* _Problem requirements_
Below are some records. Return exactly their lines from the one containing "Una persona hablando en un micrófono durante un evento. Una" through the one containing "Positive redhead boy", and drop the pictures.

* _Data records_
[Start of section]

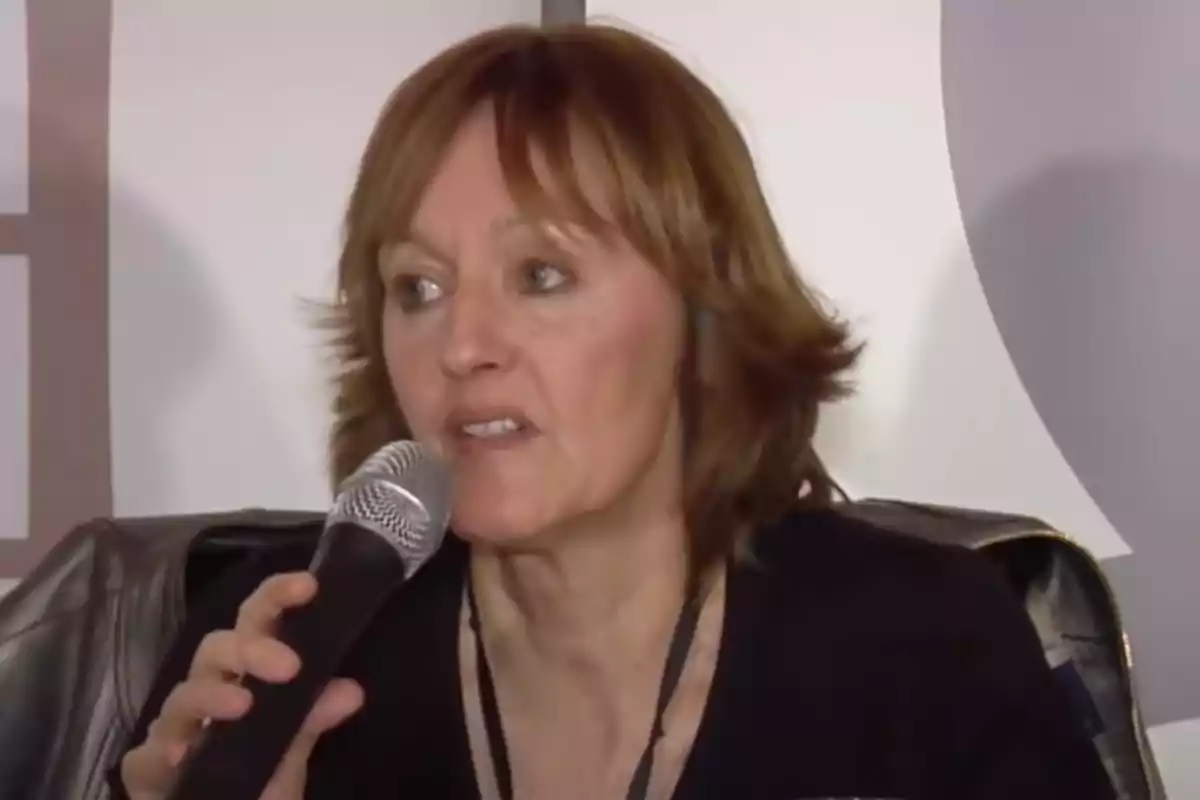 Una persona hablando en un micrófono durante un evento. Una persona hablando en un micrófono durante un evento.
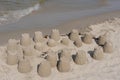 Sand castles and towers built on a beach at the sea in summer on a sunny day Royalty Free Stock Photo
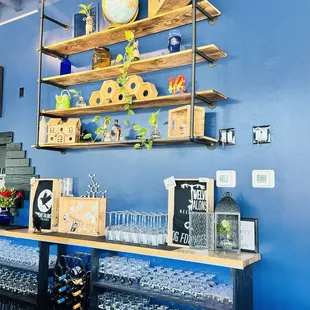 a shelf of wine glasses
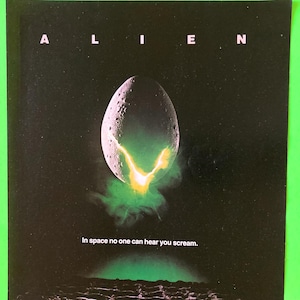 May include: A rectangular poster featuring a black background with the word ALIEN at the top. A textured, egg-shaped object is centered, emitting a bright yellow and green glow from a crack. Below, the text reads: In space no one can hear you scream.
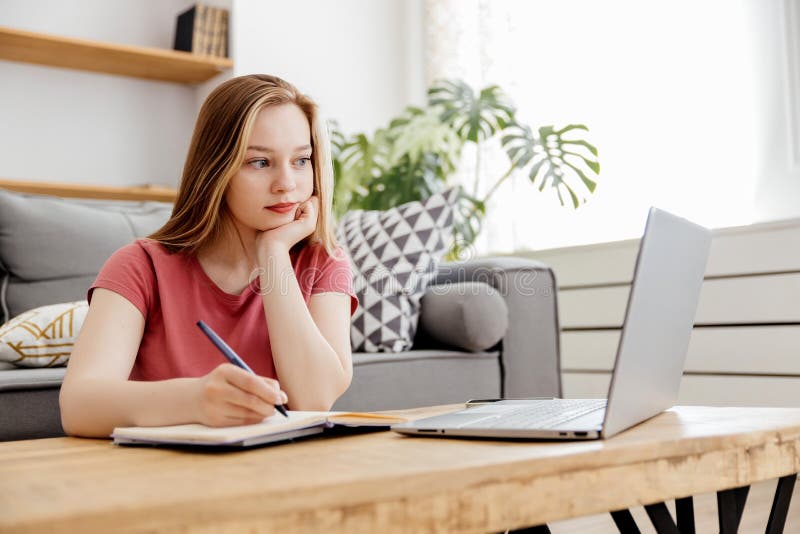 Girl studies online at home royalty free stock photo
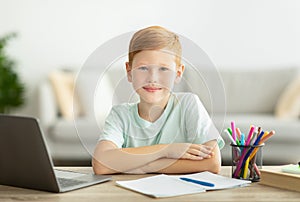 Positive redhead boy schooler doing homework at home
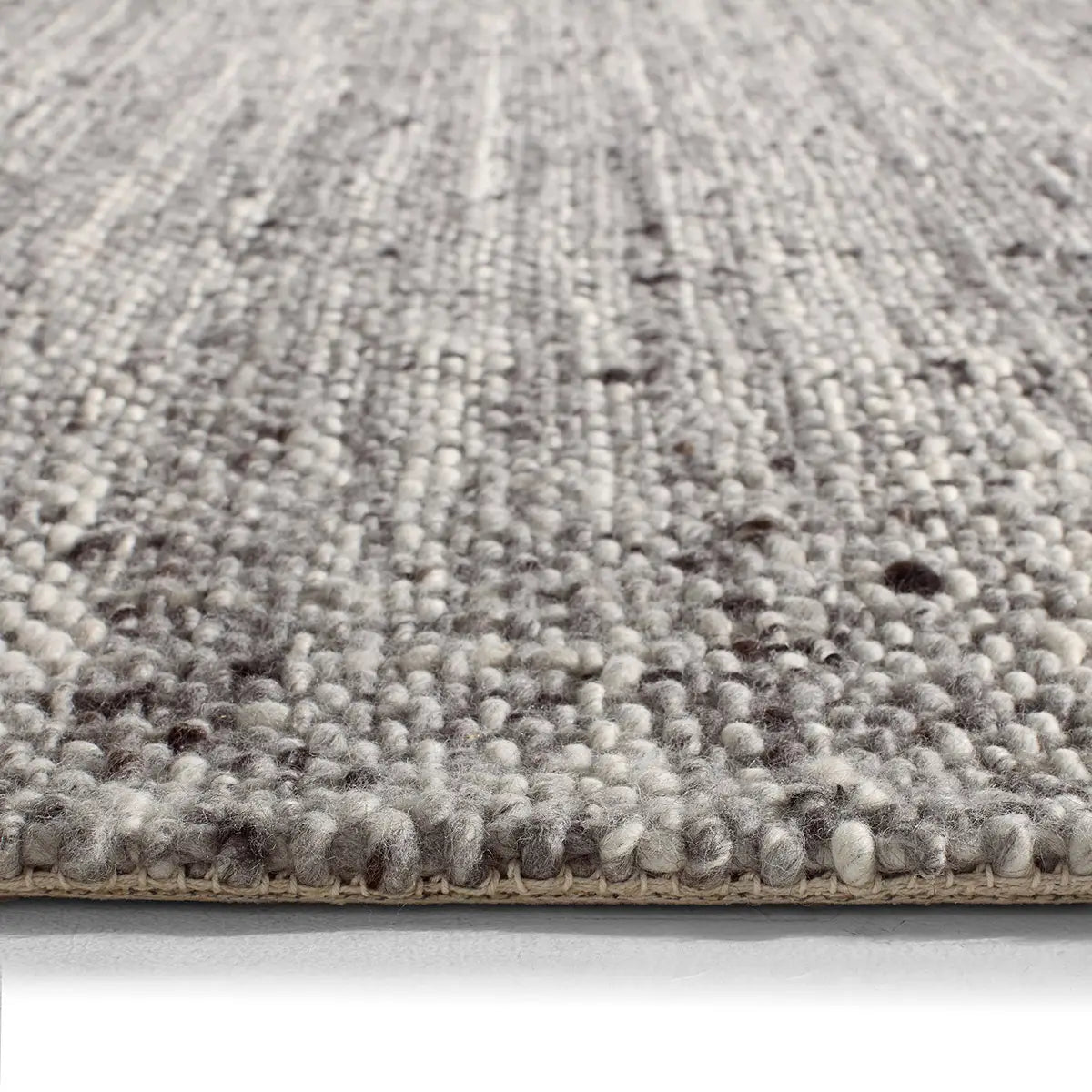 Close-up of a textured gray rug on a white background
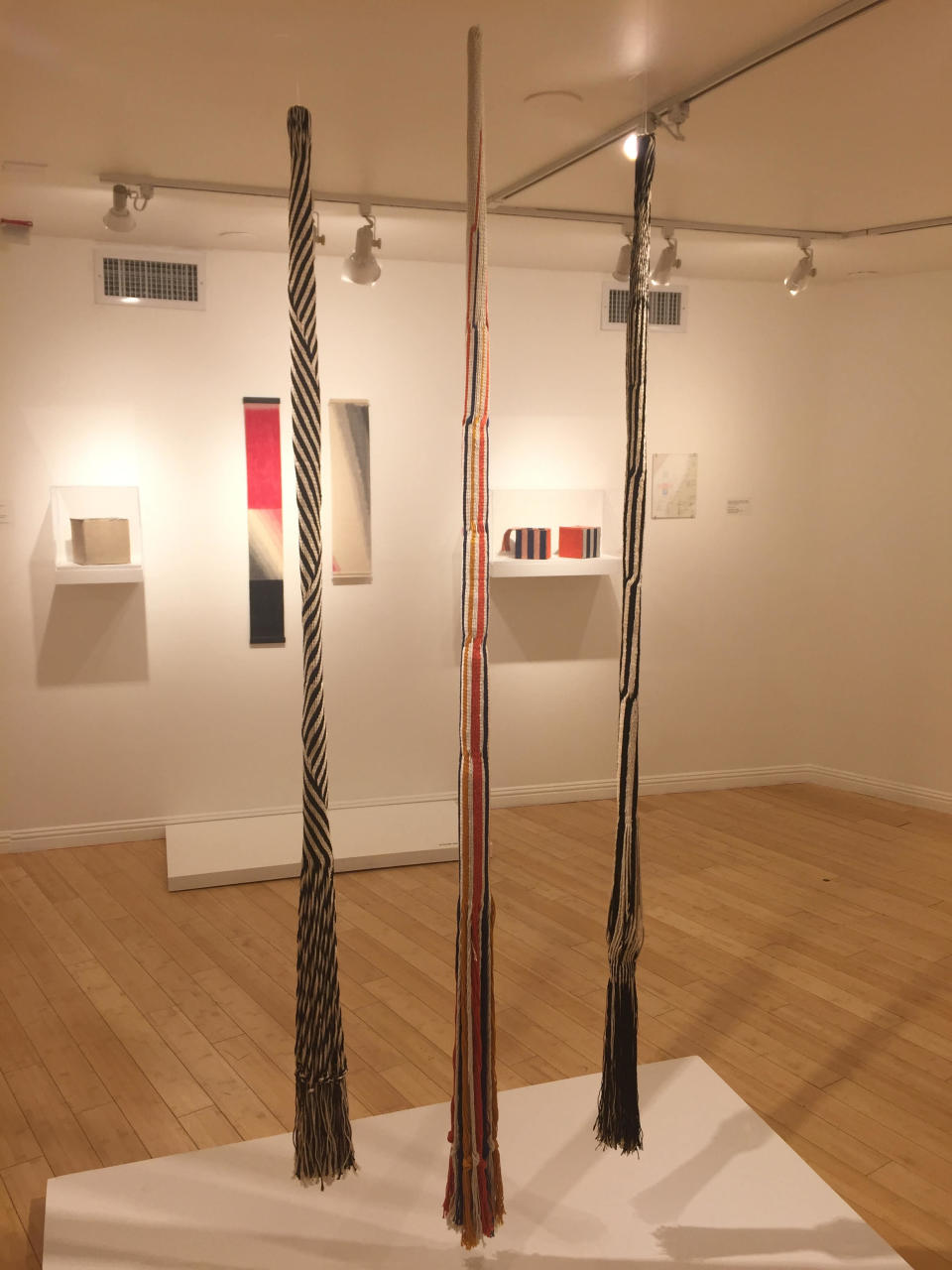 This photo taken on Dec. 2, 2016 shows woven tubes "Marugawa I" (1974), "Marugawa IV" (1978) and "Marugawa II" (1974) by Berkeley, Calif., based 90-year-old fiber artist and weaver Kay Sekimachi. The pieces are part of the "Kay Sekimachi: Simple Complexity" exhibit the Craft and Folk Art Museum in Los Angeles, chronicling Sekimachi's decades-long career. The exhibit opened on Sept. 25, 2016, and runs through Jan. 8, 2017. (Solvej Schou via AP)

[End of section]
[Start of section]

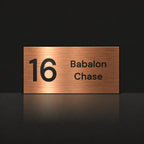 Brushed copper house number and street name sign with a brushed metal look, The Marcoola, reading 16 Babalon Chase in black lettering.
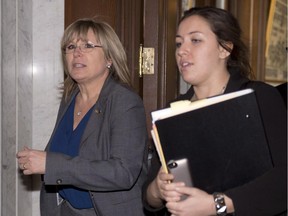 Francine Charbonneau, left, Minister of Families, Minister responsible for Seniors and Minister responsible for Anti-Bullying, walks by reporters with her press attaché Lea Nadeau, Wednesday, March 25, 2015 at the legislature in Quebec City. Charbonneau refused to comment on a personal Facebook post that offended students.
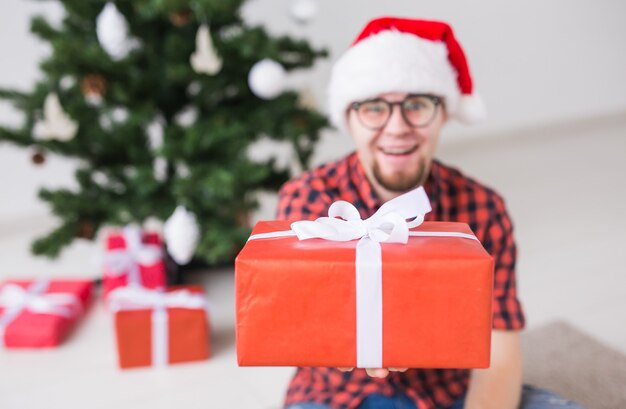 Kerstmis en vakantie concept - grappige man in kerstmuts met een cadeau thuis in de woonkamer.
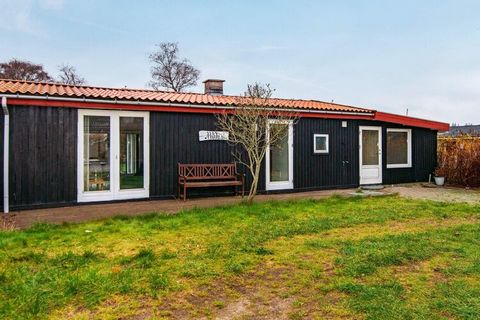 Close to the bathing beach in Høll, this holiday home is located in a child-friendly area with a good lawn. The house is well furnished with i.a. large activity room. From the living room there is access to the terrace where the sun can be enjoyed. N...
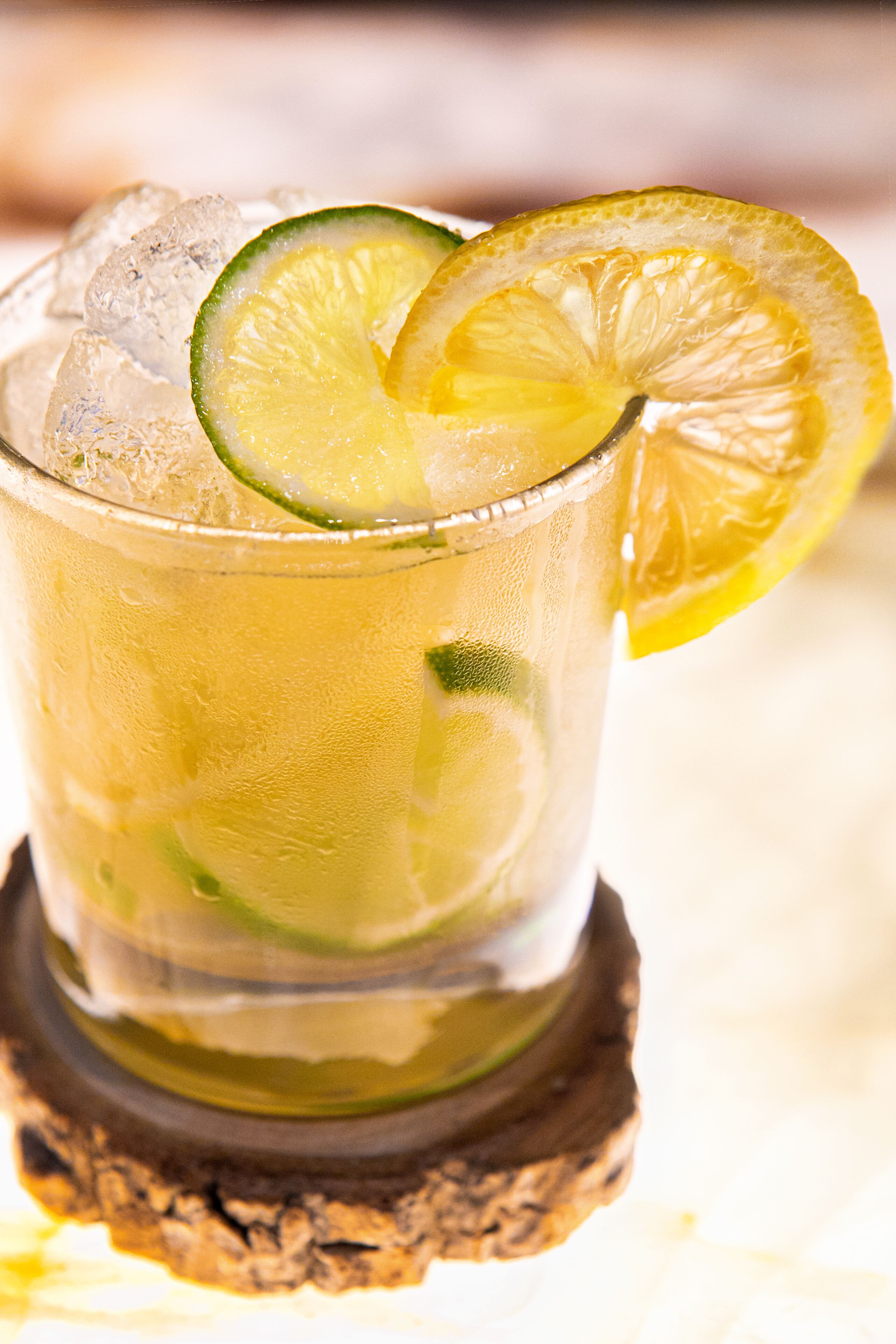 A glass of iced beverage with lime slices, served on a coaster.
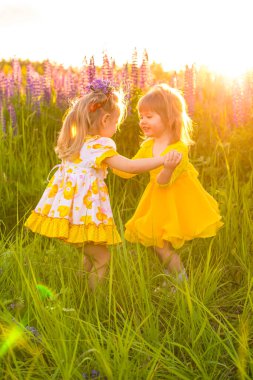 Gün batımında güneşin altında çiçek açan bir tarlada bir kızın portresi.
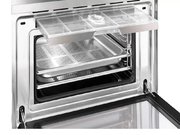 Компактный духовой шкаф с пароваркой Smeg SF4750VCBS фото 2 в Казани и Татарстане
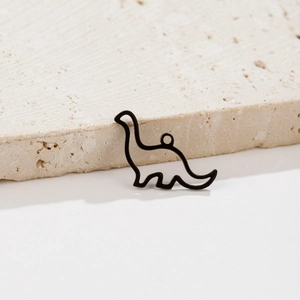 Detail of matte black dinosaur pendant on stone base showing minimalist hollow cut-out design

[End of section]
[Start of section]

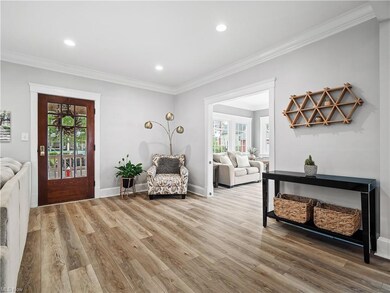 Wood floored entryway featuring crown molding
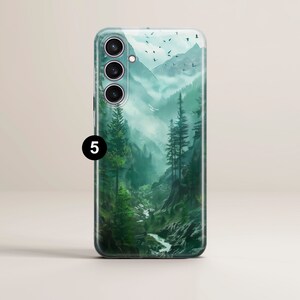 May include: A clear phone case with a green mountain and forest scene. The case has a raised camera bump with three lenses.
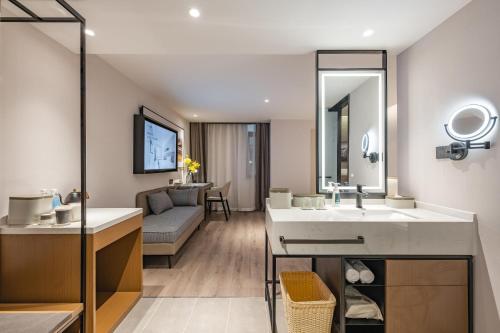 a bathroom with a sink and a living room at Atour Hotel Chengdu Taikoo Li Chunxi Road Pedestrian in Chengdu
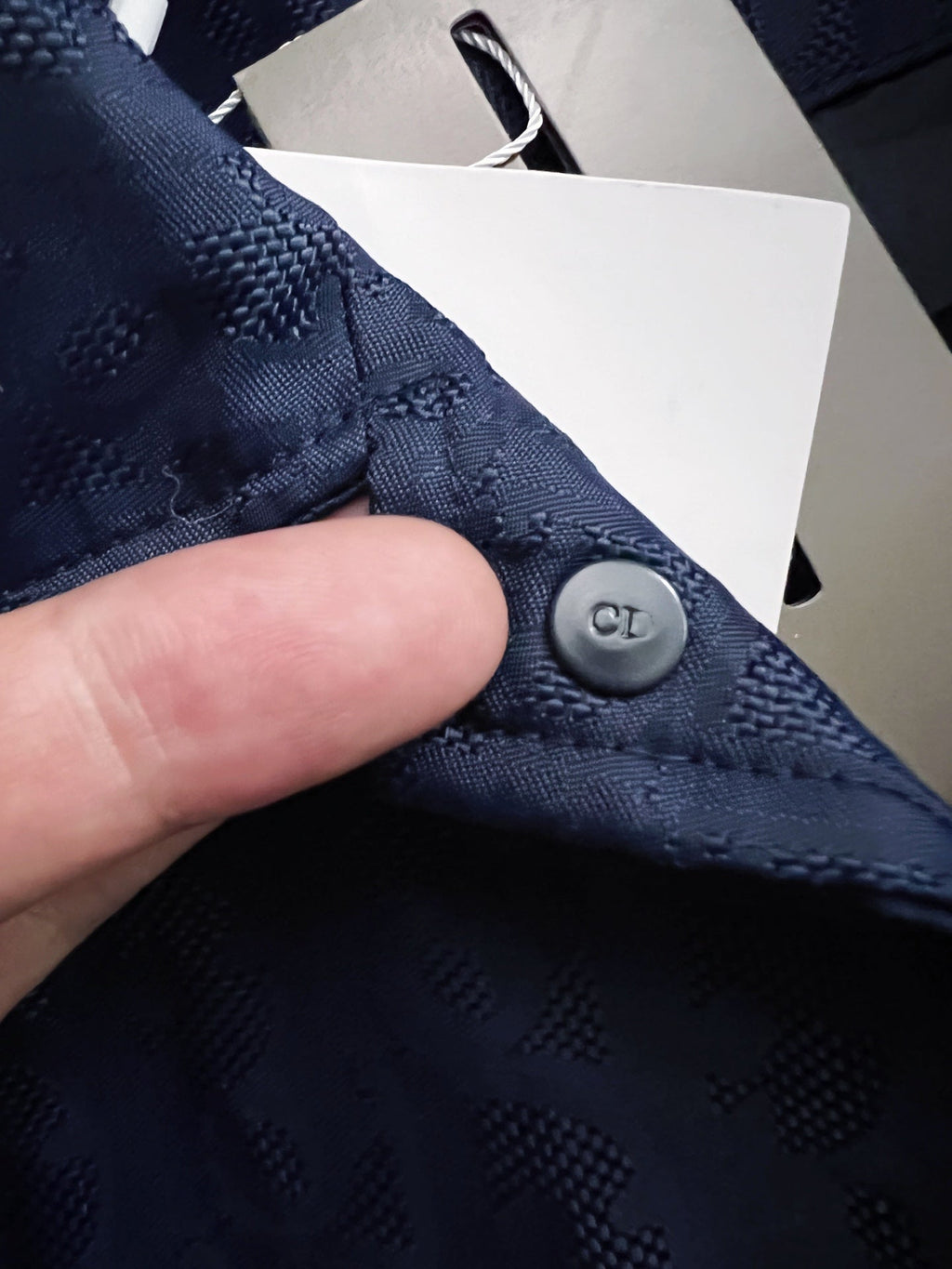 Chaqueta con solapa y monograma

[End of section]

* _Task answer_
 Una persona hablando en un micrófono durante un evento. Una persona hablando en un micrófono durante un evento.
 Sand castles and towers built on a beach at the sea in summer on a sunny day Royalty Free Stock Photo
 a shelf of wine glasses
 May include: A rectangular poster featuring a black background with the word ALIEN at the top. A textured, egg-shaped object is centered, emitting a bright yellow and green glow from a crack. Below, the text reads: In space no one can hear you scream.
 Girl studies online at home royalty free stock photo
 Positive redhead boy schooler doing homework at home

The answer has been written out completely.